▶ [Supplied information]:
>>>

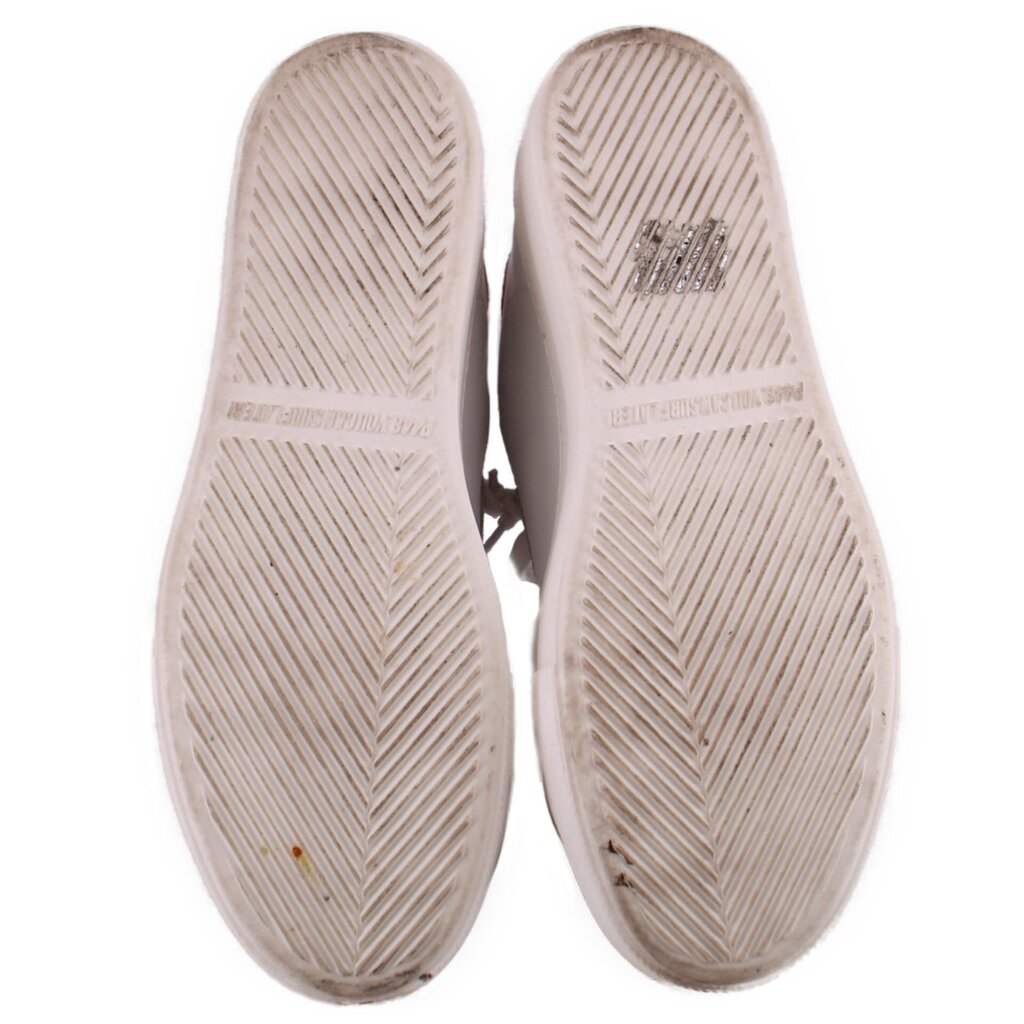 White platform sneaker outsoles with herringbone rubber tread pattern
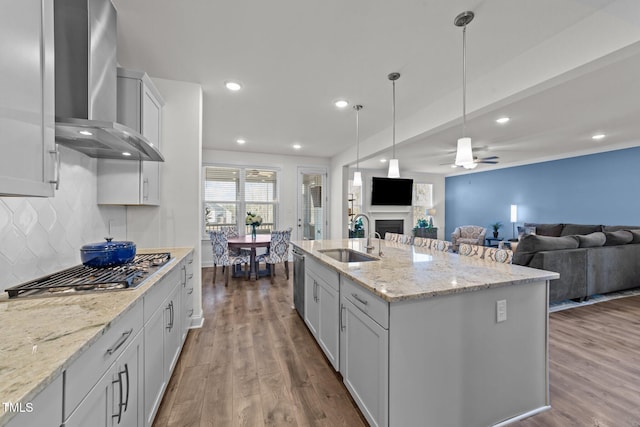 kitchen featuring wall chimney range hood, open floor plan, appliances with stainless steel finishes, and a sink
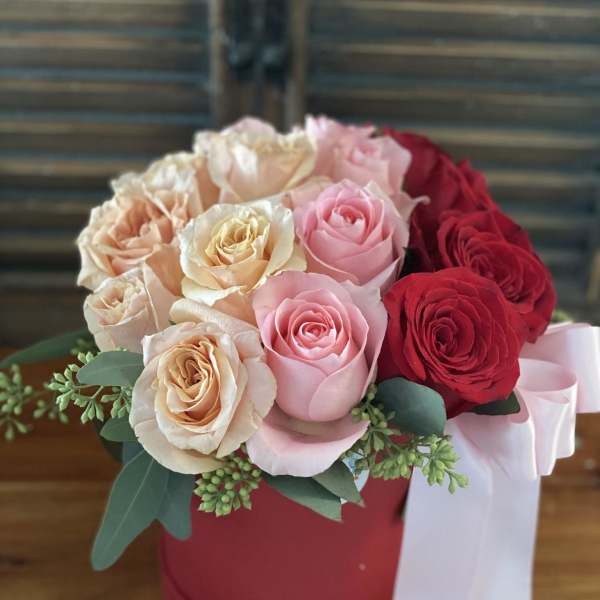 Bouquet of pink, peach, and red roses in a red hat box with a white ribbon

<<<

▶ [Exercise directions]: Repeat, exactly and only, the lines from the one containing "kitchen featuring wall" through the final line of the data, both ends included, leaving out any picture.

▶ [Finished exercise]:
 kitchen featuring wall chimney range hood, open floor plan, appliances with stainless steel finishes, and a sink
 Bouquet of pink, peach, and red roses in a red hat box with a white ribbon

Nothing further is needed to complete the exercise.